El Papa Francisco, en su Exhortación Apostólica Gaudete et Exsultate, nos recordaba con fuerza que la santidad “no está reservada a los que tienen tiempo para orar más o a los que viven apartados del mundo”, sino que “todos estamos llamados a ser santos viviendo con amor y ofreciendo nuestro propio testimonio en las ocupaciones de cada día” (14). No se trata de hacer cosas extraordinarias, tampoco ir en busca de milagros, sino de vivir lo ordinario de modo extraordinario, como una oportunidad para vivir el evangelio de manera sencilla, pero coherente. En nuestro trabajo, en los estudios, en la familia, en la vida de fe, en el ocio, en nuestro compromiso con los pobres, Dios nos da la ocasión de vivir una vida de santidad que florece en lo cotidiano.
Una vida que se enmarca en la generosidad y el compromiso. La santidad conlleva ponerse en camino, mirar hacia el otro, descubrir en los otros al mismo Cristo, que en muchas ocasiones está sufriendo y lo está pasando mal. Ahí nos llama Cristo, como leemos este día en el evangelio de las bienaventuranzas (Cfr. Mt. 5, 3-11). Jesús nos dice en este evangelio que seremos felices y bienaventurados si somos pobres, si trabajamos por la justicia y la paz, si en nuestra vida hay misericordia y amor, si damos testimonio de nuestra fe. Si vivimos todo esto seguramente alguien dirá de nosotros “esta persona es un santo”. No se nos reconocerá por los milagros, sino por nuestra generosidad y entrega por los demás. Y en este prójimo encontramos a los pobres, en los cuales se encarna Cristo, como nos ha dicho el papa león XIV en la Exhortación Apostólica Dilexi Te “en el rostro herido de los pobres encontramos impreso el sufrimiento de los inocentes, y por tanto, el mismo sufrimiento de Cristo” (9). Los pobres nos evangelizan, a través del mismo Cristo, encarnado en ellos, y por lo tanto los pobres nos muestran el camino de la santidad.
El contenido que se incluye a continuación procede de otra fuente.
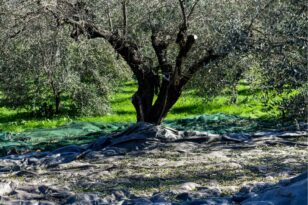 Γαλλία: Αναφορές στις επιπτώσεις της κλιματικής αλλαγής στην παραγωγή ελαιόλαδου στην Ελλάδα και στις τιμές έκαναν ΜΜΕ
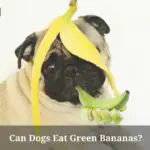 Can Dogs Eat Green Bananas? (9 Interesting Facts)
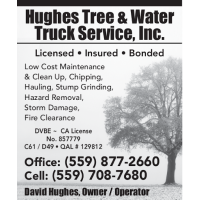 Hughes Tree Service Logo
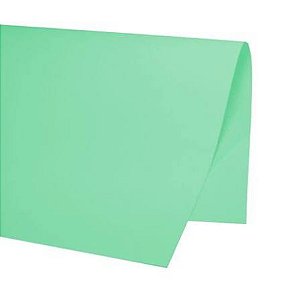 PAPEL CARTAO VERDE 48 X 66CM VMP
El papa León XIV, en el Jubileo de los jóvenes en Roma, en la misa final, el 3 de agosto decía a los jóvenes “Aspirad a cosas grandes, a la santidad, allí donde estén. No se conformen con menos. Entonces verán crecer cada día la luz del Evangelio, en ustedes mismos y a su alrededor”. El papa invitó a los jóvenes a buscar la santidad como algo grande, algo importante para su vida, insistía que la santidad no está en lo material, sino fuera de este mundo materialista e interesado, “Necesitamos alzar los ojos, mirar a lo alto”. La santidad está más allá de lo que ven nuestros ojos, sale del corazón y sube hasta Dios.
La santidad es respuesta concreta al amor de Dios. Implica mirar al prójimo con misericordia, perdonar, servir, construir la paz, cultivar la alegría. Es dejar que Cristo viva en nosotros, que sus sentimientos sean nuestros sentimientos. En un mundo donde tantas veces se exalta el éxito, el poder o la comodidad, el santo es aquel que vive la humildad del Evangelio, que no busca ser admirado, sino amar. Los santos no son perfectos, pero sí personas que se dejan amar y moldear por Dios.
Queridos diocesanos, el mundo necesita santos alegres, hombres y mujeres que vivan con coherencia y esperanza su vida y su fe. No pensemos que esto está fuera de nuestro alcance. La santidad está al alcance de todos, porque es Dios quien la realiza en nosotros si nos dejamos guiar por su Espíritu.